Also, you assume that the function is twice diferentiable. Not all concave functions are differentiable everywhere. –  tomasz Jul 2 '12 at 19:37
    
Another implicit assumption is that the function is defined on $\mathbb{R}$. For example the function $f:(0,1)\to\mathbb{R},x\mapsto x(1-x)$ is both concave and positive. –  celtschk Jul 2 '12 at 19:57
    
@celtschk: you meant concave. –  copper.hat Jul 2 '12 at 19:59
    
But without demanding strictly concave, and by assuming that I don't want constant functions, my claim will be true? i.e.- concave, positive, and non-constant Thanks ! –  joshua Jul 2 '12 at 20:12

3 Answers 3

There is no non-constant positive concave function on all of $\mathbb{R}$.

If $f$ is a concave function, then the difference ratio $$ \frac{f(x)-f(y)}{x-y} $$ is a non-increasing function of both $x$ and $y$.

Suppose there are $x$ and $y$ so that $f(x)<f(y)$ and let $M=\dfrac{f(x)-f(y)}{x-y}$.


If $x<y$, then $M>0$ and for all $z< x$, we have that $$ \frac{f(z)-f(y)}{z-y}\ge\frac{f(x)-f(y)}{x-y}=M\tag{1} $$ therefore, $$ f(z)\le f(y)+(z-y)M\tag{2} $$ and $(2)$ says that for all $z< y-\frac{f(y)}{M}$, we have $f(z)<0$.


If $x>y$, then $M<0$ and for all $z>x$, we have that $$ \frac{f(z)-f(y)}{z-y}\le\frac{f(x)-f(y)}{x-y}=M\tag{3} $$ therefore, $$ f(z)\le f(y)+(z-y)M\tag{4} $$ and $(4)$ says that for all $z>y-\frac{f(y)}{M}$, we have $f(z)<0$.


Thus no matter whether $x>y$ or $x<y$, we have that $f$ cannot stay positive.

Superharmonic Functions

A superharmonic function is one whose Laplacian is non-positive everywhere. I believe this is what you mean by "the Laplacian case".

Since the case of harmonic functions can be handled using Harnack's Inequality, let's consider the case of strictly superharmonic functions; that is, ones for which $\int_{\mathbb{R}^n}\Delta f(y)\,\mathrm{d}y\lt0$.

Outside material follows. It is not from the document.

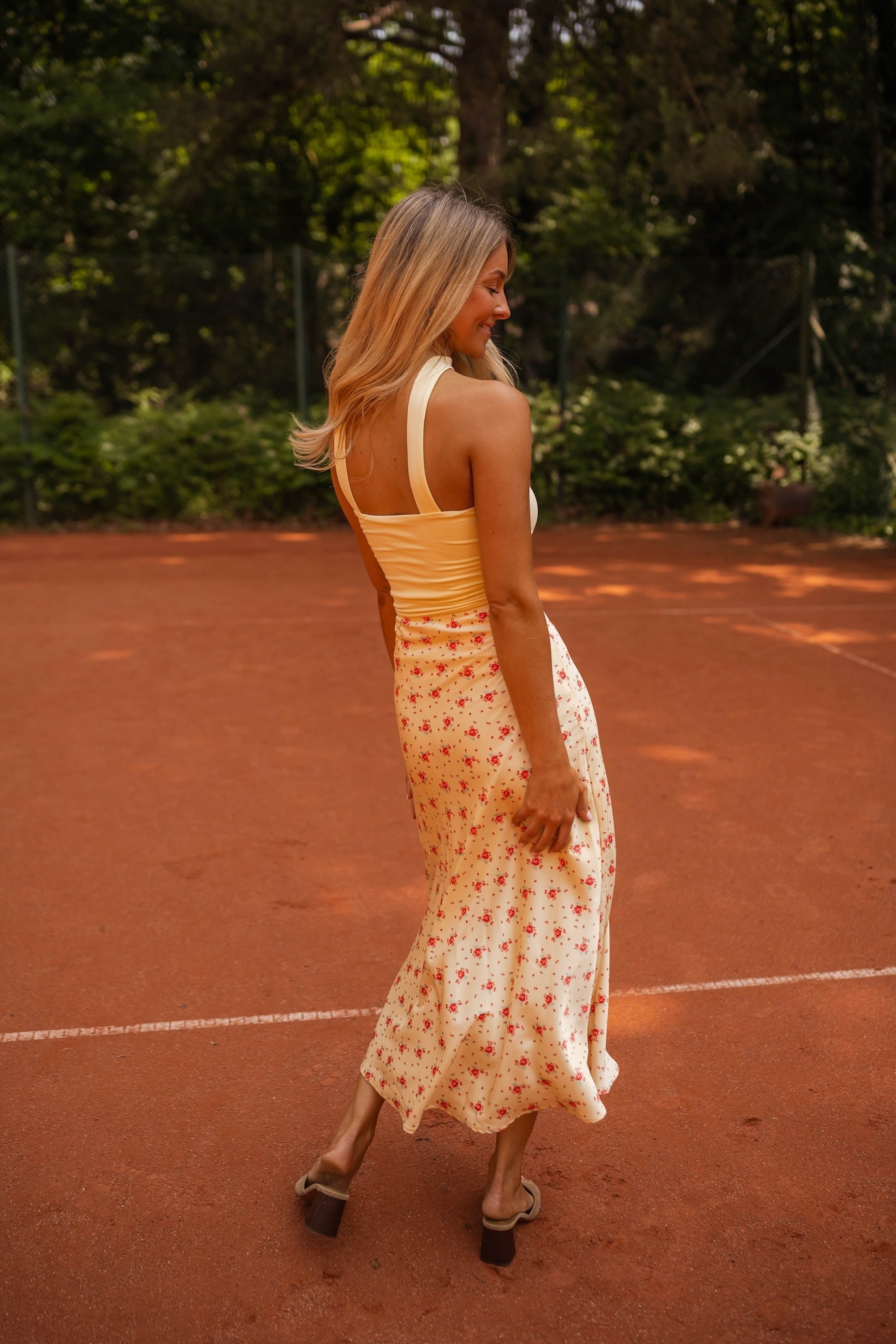 Yellow Floral Satin Midi Skirt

Let $B(r,x)=\{y\in\mathbb{R}^n:|y-x|\le r\}$. Then, by the Divergence Theorem, $$ \int_{B(r,x)}\Delta f(y)\,\mathrm{d}y=\int_{\partial B(r,x)}\nabla f(y)\cdot\vec{n}\,\mathrm{d}\sigma(y)\tag{5} $$ The right hand side of $(5)$ is the measure of $\partial B(r,x)$ times the rate of change of $m_f(r,x)$, the mean value of $f$ over $\partial B(r,x)$. The left hand side of $(5)$ is strictly negative past a certain $r_0$. Rewriting this, we get for $r\ge r_0$, $$ \omega_{n-1}r^{n-1}\frac{\partial m_f(r,x)}{\partial r}\le C\lt0\tag{6} $$ which leads to $$ \frac{\partial m_f(r,x)}{\partial r}\le\frac{C}{\omega_{n-1}r^{n-1}}\tag{7} $$ For $n\le2$, $(7)$ says that there can be no lower bound for $m_f(r,x)$, which means there can be no lower bound for $f$.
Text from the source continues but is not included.